● Exercise prompt
Without any pictures, retype exactly the lines that begin at the one holding "1117 Winding Oaks Way" and end at the last line of the data below.

● Collected data
##########
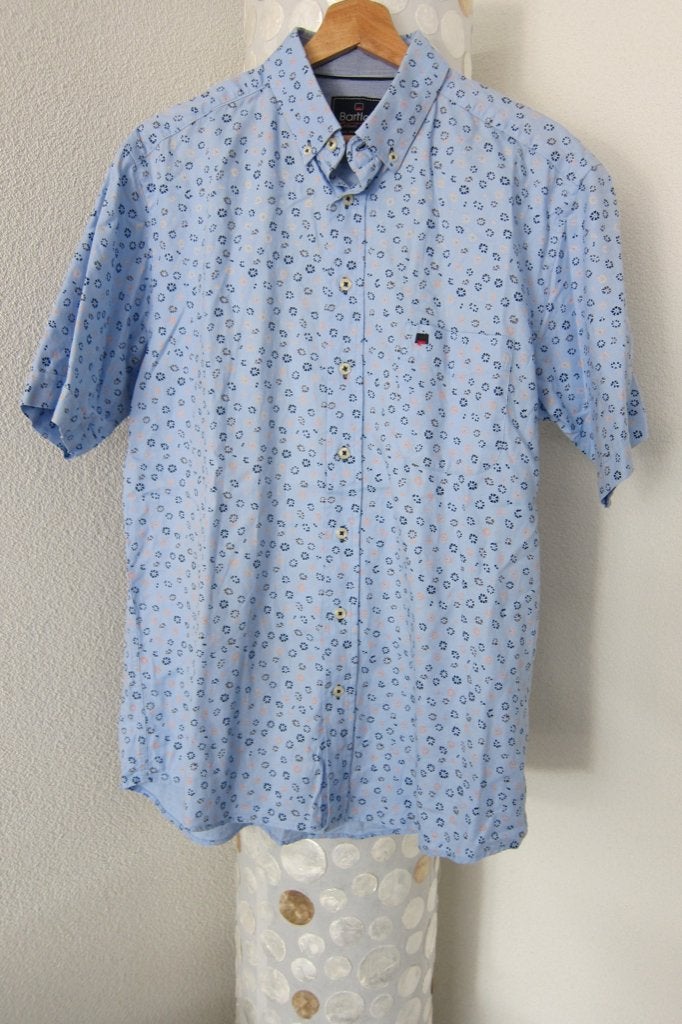 Bartlett overhemd blauw bloemen l korte mouw, Kleding | Heren, Overhemden, Blauw, Bartlett, Zo goed als nieuw, Merkfreak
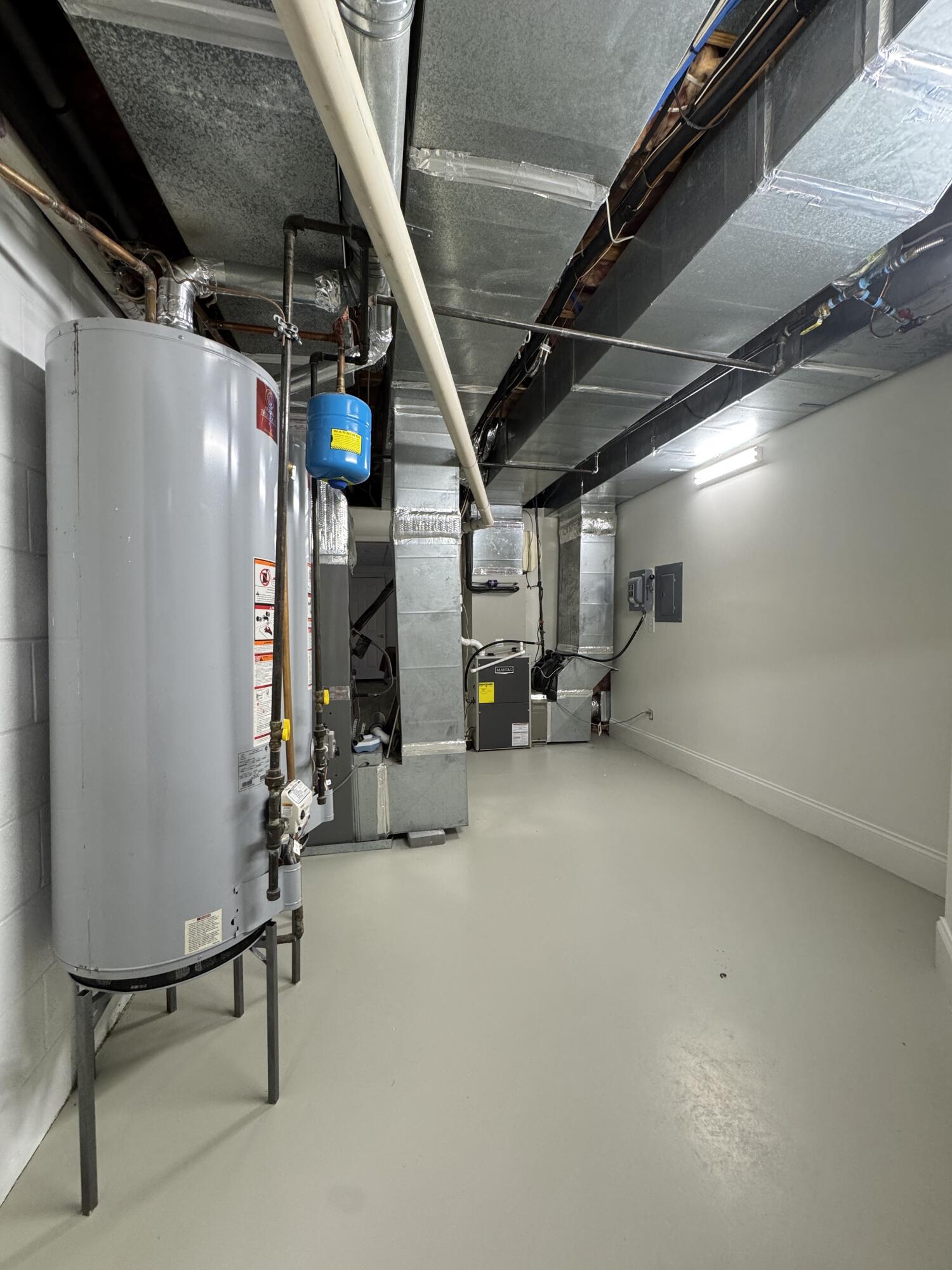 1117 Winding Oaks Way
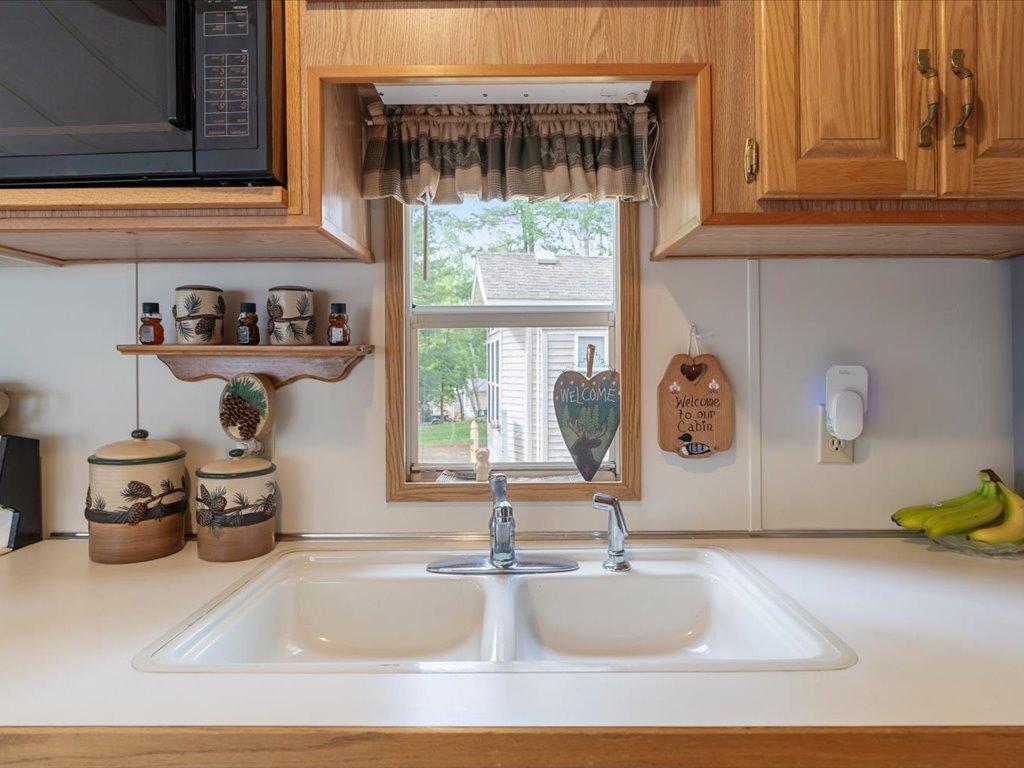 1991 single family home for sale at 15827 Wilderness Trail, Unit 53 in Crosslake, MN — 2 bed, 1 bath (photo 14 of 49)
##########
● Reply
 1117 Winding Oaks Way
 1991 single family home for sale at 15827 Wilderness Trail, Unit 53 in Crosslake, MN — 2 bed, 1 bath (photo 14 of 49)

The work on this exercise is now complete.